On one hand, he received top-notch care. “The doctor and nurses took good care of me.  I did not feel lonely even though I was away from my family members.”

But on the other, he couldn’t accept the thought of being confined to the bed even for a few days.

“The doctors said it was too risky for me to leave the bed to go toilet. So I was strapped with many tubes and bags,” Sheen recollected. “I was asked to relieve myself on the bed itself. The nurses would take care of it. It felt like a dehumanising experience. I just couldn’t accept it.”

Despite his disability, he pushed himself hard to get up and dawdle to the bathroom. “A well-meaning ward boy finally agreed let me go alone to the bathroom. But he insisted that I kept the door unlocked,” he shared.

It was this stubbornness and persistence that pushed Sheen closer and closer to complete recovery.

Eventually, under the guidance of Dr Imraan Khan, a physiotherapist at Wockhardt, Mira Road, Sheen got back on his two feet.

Stroke and timely treatment

There’s an overarching maxim of stroke treatment: The faster you get treatment, the better your recovery.
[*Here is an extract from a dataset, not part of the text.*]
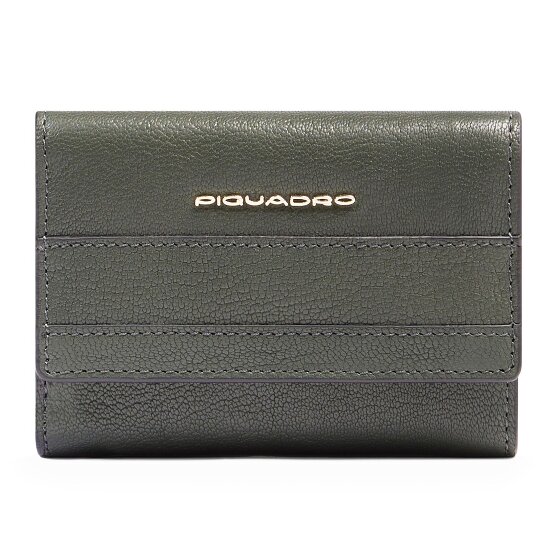 Piquadro Patricia Portafoglio Protezione RFID Pelle 9 cm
Treatment should be given to the patient ideally with the 60-minute “Golden Hour” window after the first signs of stroke appear.
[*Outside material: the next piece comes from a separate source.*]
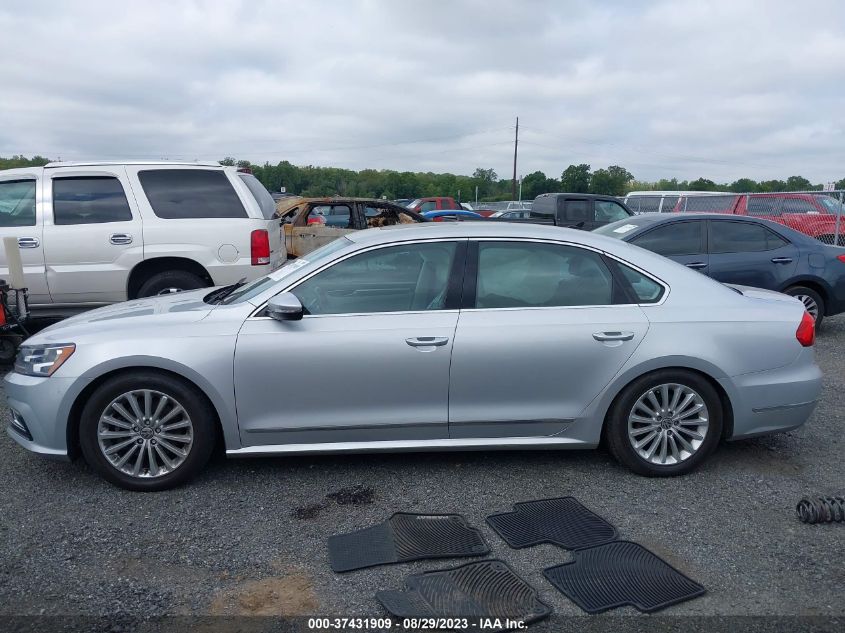 2016 VOLKSWAGEN PASSAT SE - 1VWBT7A33GC011324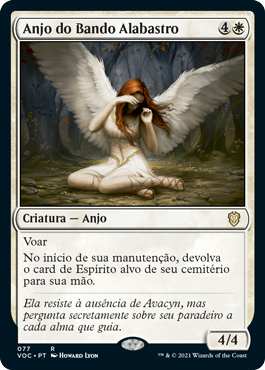 Anjo do Bando Alabastro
Getting the right medical help in the Golden Hour leads to excellent outcomes in all patients, despite their age or underlying conditions.
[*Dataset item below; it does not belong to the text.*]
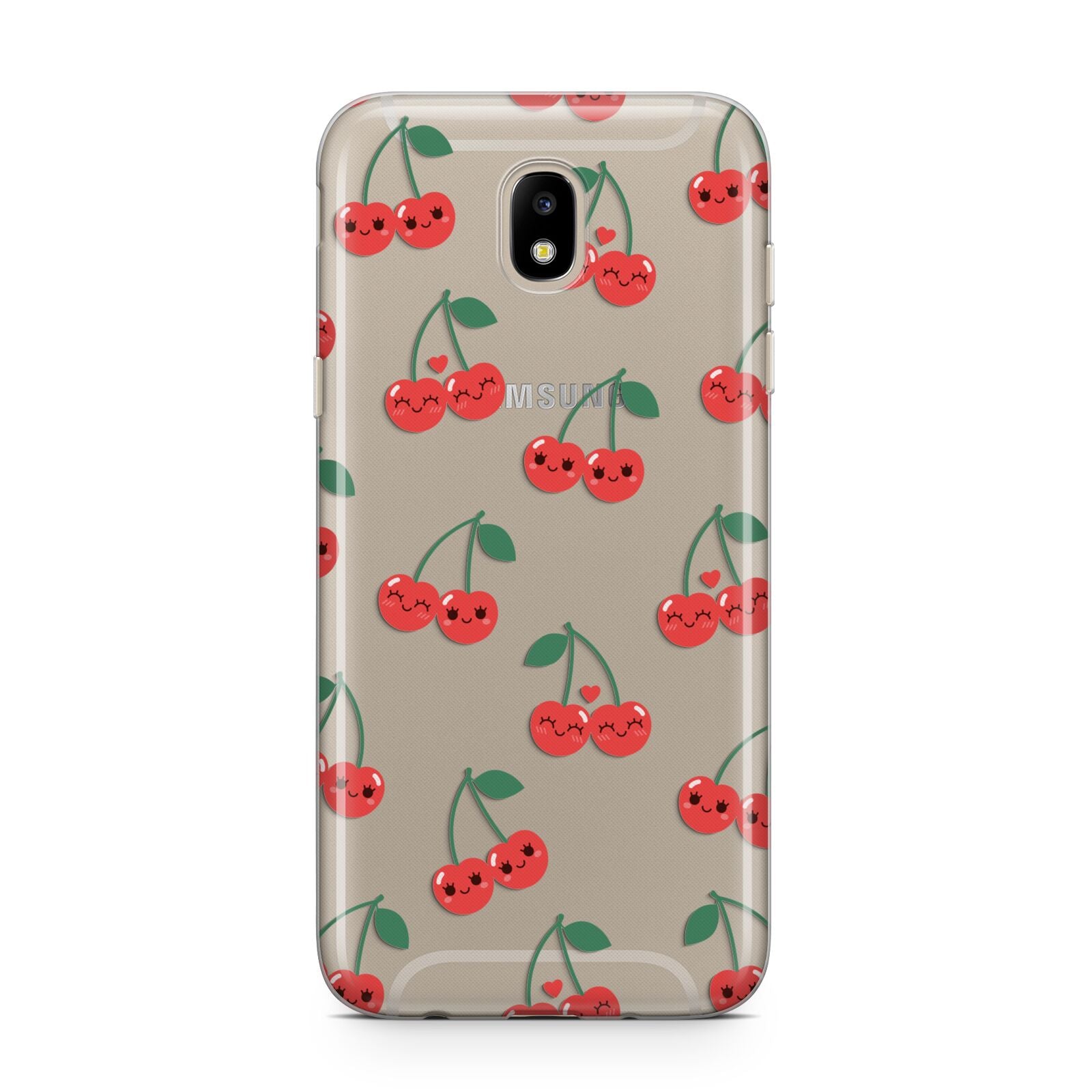 Cherry Samsung J5 2017 Case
There’s a mnemonic to remember is BEFAST. B–  loss of Balance, E-Eyes or blurry vision, F- drooping on one side of the Face, A- weakness in Arms or legs, S- slurred Speech and T-Time to call the doctor. Each stands for a symptom.

Although Sheen initially lost out on precious hours when he was on the train, his alertness and timely decision to go to the hospital prevented more damage from happening.

It has barely been a year since the incident, but Sheen’s spirits are high. “How are you now?” I ask him. Pat comes the reply: “I am perfectly alright.”

He also let me in on something that gave him hope even in the bleakest hours of his life. “As I lay there in the hospital bed, I had visions and dreams. I dreamt of Barrackpore, the place I was born in,” he recollected fondly. Sheen treated it as a sign from his subconscious that things were going to be ok after all.

But health is not something he takes for granted even after beating stroke. Sheen’s passion for fitness has only grown, so has his zest for life.